[Dataset records]

^^^^^^^^

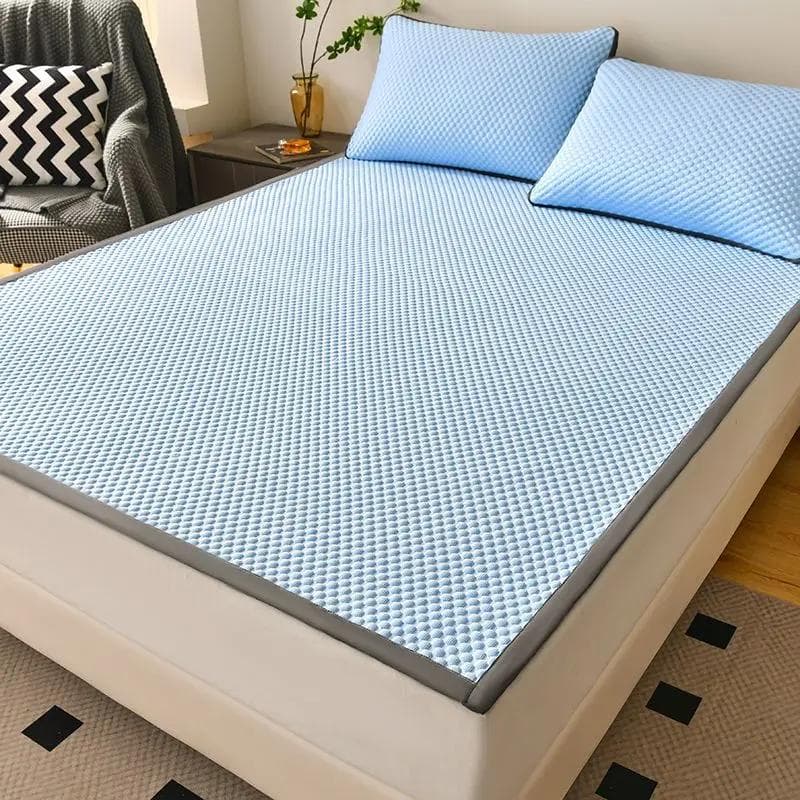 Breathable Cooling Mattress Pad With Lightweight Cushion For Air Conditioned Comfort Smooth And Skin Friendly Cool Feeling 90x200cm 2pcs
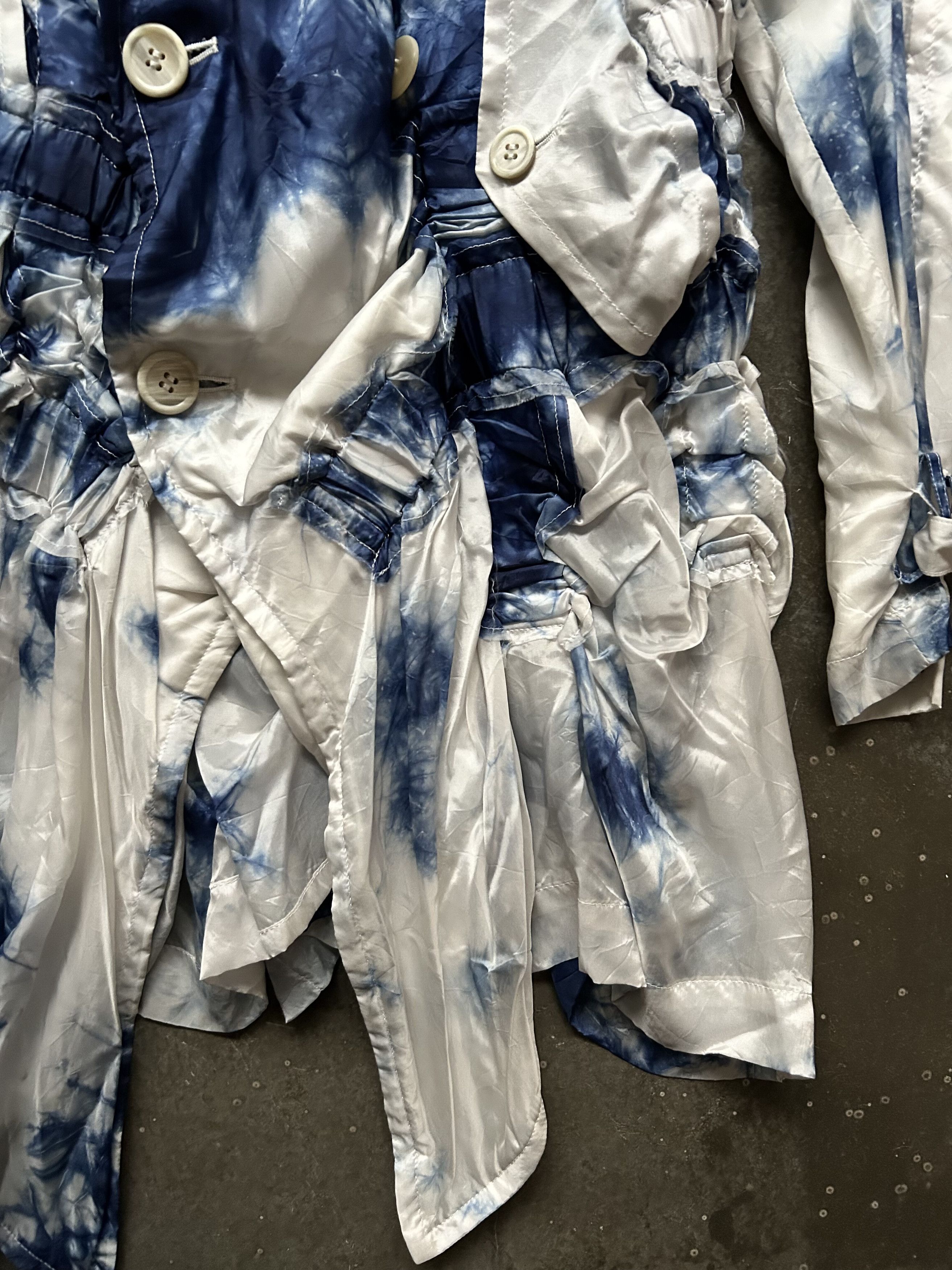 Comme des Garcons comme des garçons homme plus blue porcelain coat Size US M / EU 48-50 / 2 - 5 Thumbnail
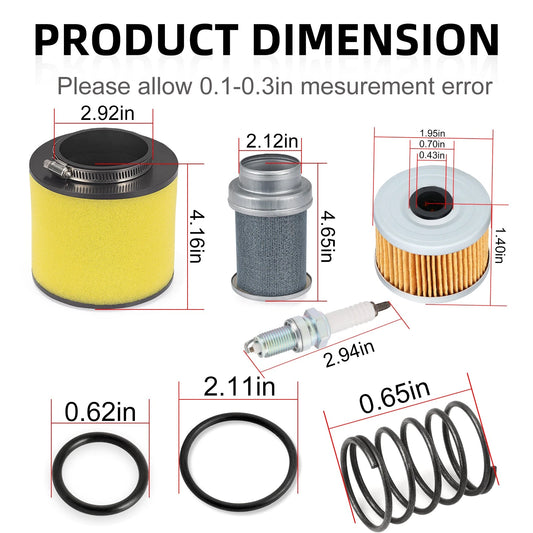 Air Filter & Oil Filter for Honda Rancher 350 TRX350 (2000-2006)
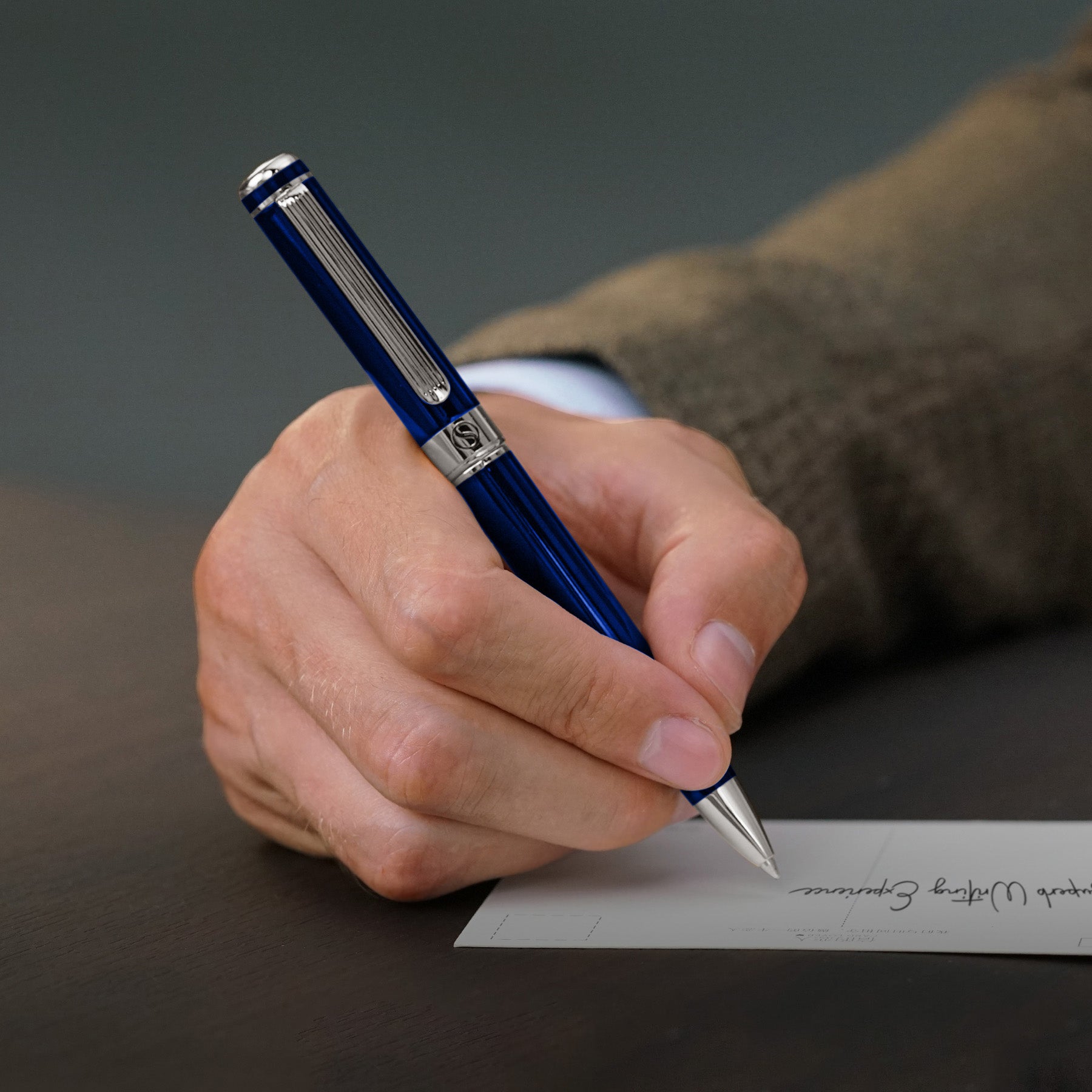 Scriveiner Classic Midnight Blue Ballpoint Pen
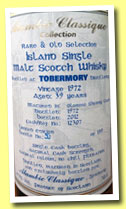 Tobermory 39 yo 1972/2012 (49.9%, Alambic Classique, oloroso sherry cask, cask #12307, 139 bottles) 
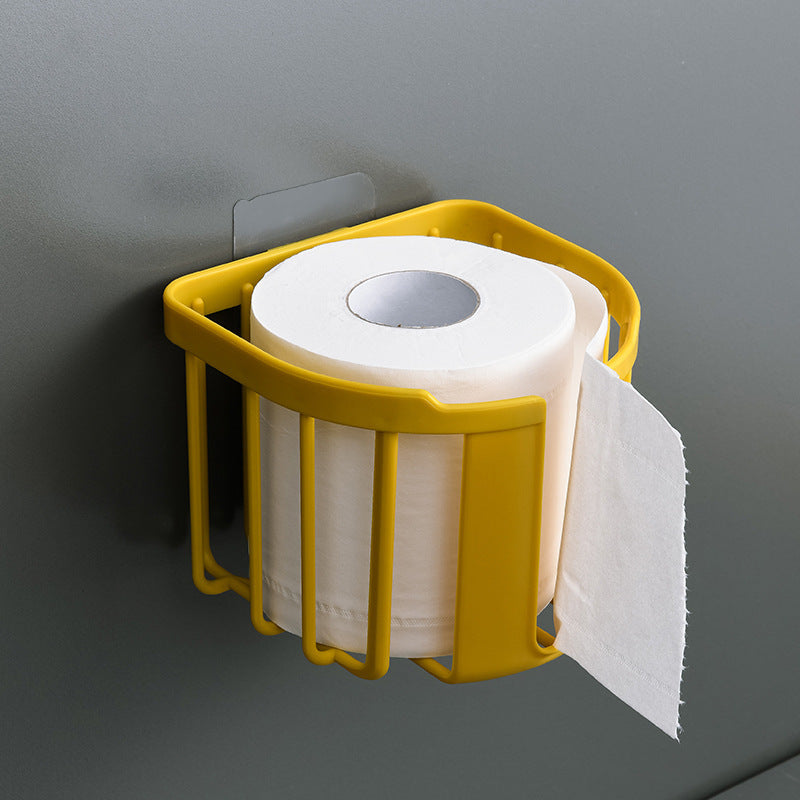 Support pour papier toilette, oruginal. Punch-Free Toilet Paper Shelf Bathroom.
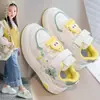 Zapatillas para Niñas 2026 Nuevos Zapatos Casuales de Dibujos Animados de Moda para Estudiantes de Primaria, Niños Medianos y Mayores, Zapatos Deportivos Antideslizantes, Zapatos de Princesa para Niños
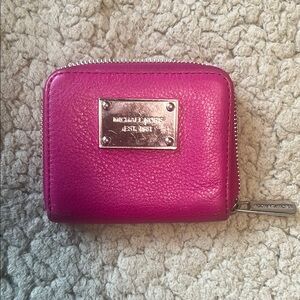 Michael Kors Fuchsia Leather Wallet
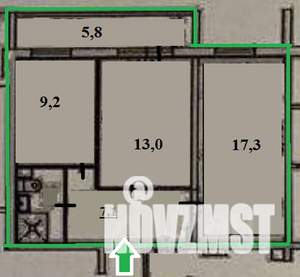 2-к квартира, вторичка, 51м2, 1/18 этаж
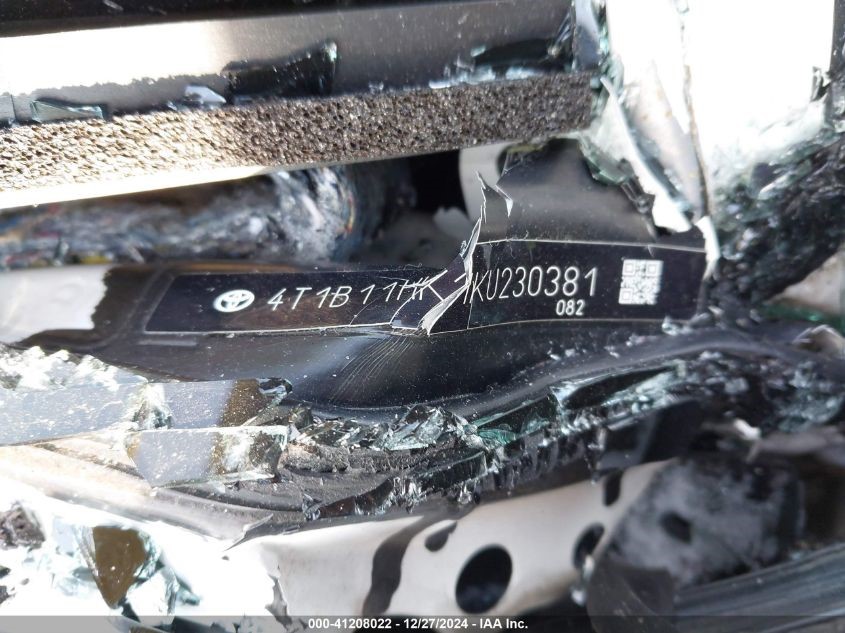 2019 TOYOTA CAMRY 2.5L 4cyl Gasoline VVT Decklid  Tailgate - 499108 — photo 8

^^^^^^^^

WHAT NEEDS TO BE DONE: What is needed is every record above printed exactly, with no pictures.

OUTPUT OF THE EXERCISE:
 Breathable Cooling Mattress Pad With Lightweight Cushion For Air Conditioned Comfort Smooth And Skin Friendly Cool Feeling 90x200cm 2pcs
 Comme des Garcons comme des garçons homme plus blue porcelain coat Size US M / EU 48-50 / 2 - 5 Thumbnail
 Air Filter & Oil Filter for Honda Rancher 350 TRX350 (2000-2006)
 Scriveiner Classic Midnight Blue Ballpoint Pen
 Tobermory 39 yo 1972/2012 (49.9%, Alambic Classique, oloroso sherry cask, cask #12307, 139 bottles) 
 Support pour papier toilette, oruginal. Punch-Free Toilet Paper Shelf Bathroom.
 Zapatillas para Niñas 2026 Nuevos Zapatos Casuales de Dibujos Animados de Moda para Estudiantes de Primaria, Niños Medianos y Mayores, Zapatos Deportivos Antideslizantes, Zapatos de Princesa para Niños
 Michael Kors Fuchsia Leather Wallet
 2-к квартира, вторичка, 51м2, 1/18 этаж
 2019 TOYOTA CAMRY 2.5L 4cyl Gasoline VVT Decklid  Tailgate - 499108 — photo 8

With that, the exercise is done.